SP10位カレン・チェン(アメリカ)はジャンプが振るわない中、昨季世界選手権4位入賞に導いた『タンゴ・ジェラシー』のプログラムで小気味良い表現を見せる。レベル4を揃えたスピンとステップで盛り返し、ソツコワに次ぐ暫定2位に着けた。

SP11位テネルは、SPで転倒した3ルッツ+3トゥループを決めた序盤は好調だったが、中盤でミスが続いた。今季の安定感からすれば若干勿体ない印象も残ったが、成功させたジャンプではポテンシャルの高さを世界にアピールできただろう。チェンを抜いて暫定2位となった。

SP7位デールマンは、冒頭の3トゥループ+3トゥループでSPと同様に失敗すると、最後までリズムを取り戻せず殆どのジャンプを逸した。演技後の悲痛な表情は観る者の胸を締め付けた。五輪の怖さを象徴するような辛いシーンとなってしまったが、カナダを団体戦金メダルへと導いたFSの演技は沢山の人々の胸に刻まれているだろう。

少し重い空気が流れるも、SP8位地元韓国のチェが現れると、会場は再び歓声に包まれた。冒頭のジャンプはコンビネーションに繋げられず緊張感が見られたが、大声援を力に変える。以降のジャンプは着実に成功させて後半には冒頭のリカバリーも決め、予定より得点をアップさせた。その勝負強さと渾身のクリーンパフォーマンスに、会場は熱気で溢れ返った。FSでも自己ベストを3点近く更新し200点に迫る高得点を獲得。ソツコワを上回って1位となり、この時点で入賞を確定させた。
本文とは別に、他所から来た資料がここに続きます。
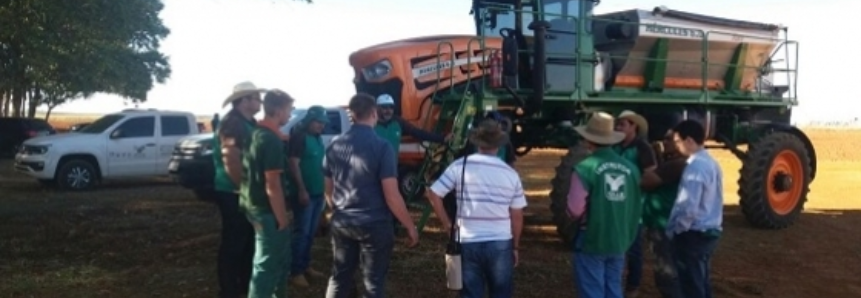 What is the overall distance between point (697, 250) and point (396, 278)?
293 centimetres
第3グループの最後にはSP9位長洲が滑った。今大会、長洲は出場選手中最高のジャンプ得点(基礎点:50.87)となるFSの演技に挑んだ。団体戦FSでは全ジャンプを成功させる快挙を達成し、伊藤みどり、浅田真央に次ぐ五輪女子3アクセル成功者として、また、五輪女子初の「FS8トリプル(3回転ジャンプ8本)」の成功者として歴史に名を刻んだ。ところが、個人戦は冒頭の3アクセルで踏切のタイミングがずれ、団体戦の再現とはならなかった。その他のジャンプでもミスが出たものの、課題の回転不足は1つも取られることはなく確かな成長の軌跡を見せ、暫定4位となった。

宮原・坂本の躍動。そして頂上決戦の決着へ。

そうして最終組6人の6分間練習が始まると、会場の緊張感は最高潮に達した。1.31点差で拮抗するザギトワとメドベージェワ、2人を約4点差で追うオズモンド、表彰台まで3点ほどの宮原、メダル圏内の坂本とコストナー。各選手への声援もより一層大きくなった。

1番滑走はSP4位宮原。いつものように濱田コーチとおでこを合わせて気持ちを落ち着かせ、リンク中央へと向かった。課題の3ルッツ+3トゥループを含む前半のジャンプをきっちりと成功させると、オペラ『蝶々夫人』の世界観を表現し尽くしたステップで惹きつける。後半のジャンプもミスの気配なく成功させると、演技終了と共にこれまでにないほど、両手で力強いガッツポーズを見せた。この五輪に辿り着くまでの道程、その苦労を物語っているようだった。

©GettyImages

回転不足判定に辛酸を舐めた団体戦から、1週間あまりで調整してみせた宮原。新世代のミスパーフェクトが完全復活し、進化も遂げた華麗な舞いであった。キスアンドクライで自己ベストを上回る146.44という高得点が表示されると、喜びが爆発した。宮原は総合222点台に乗せ暫定1位に立つ。今大会出場選手中、この得点を超えたことがあるのは、メドベージェワとザギトワの2人に限られる。宮原のメダルの行方は、人事を尽くして天命を待つ形となった。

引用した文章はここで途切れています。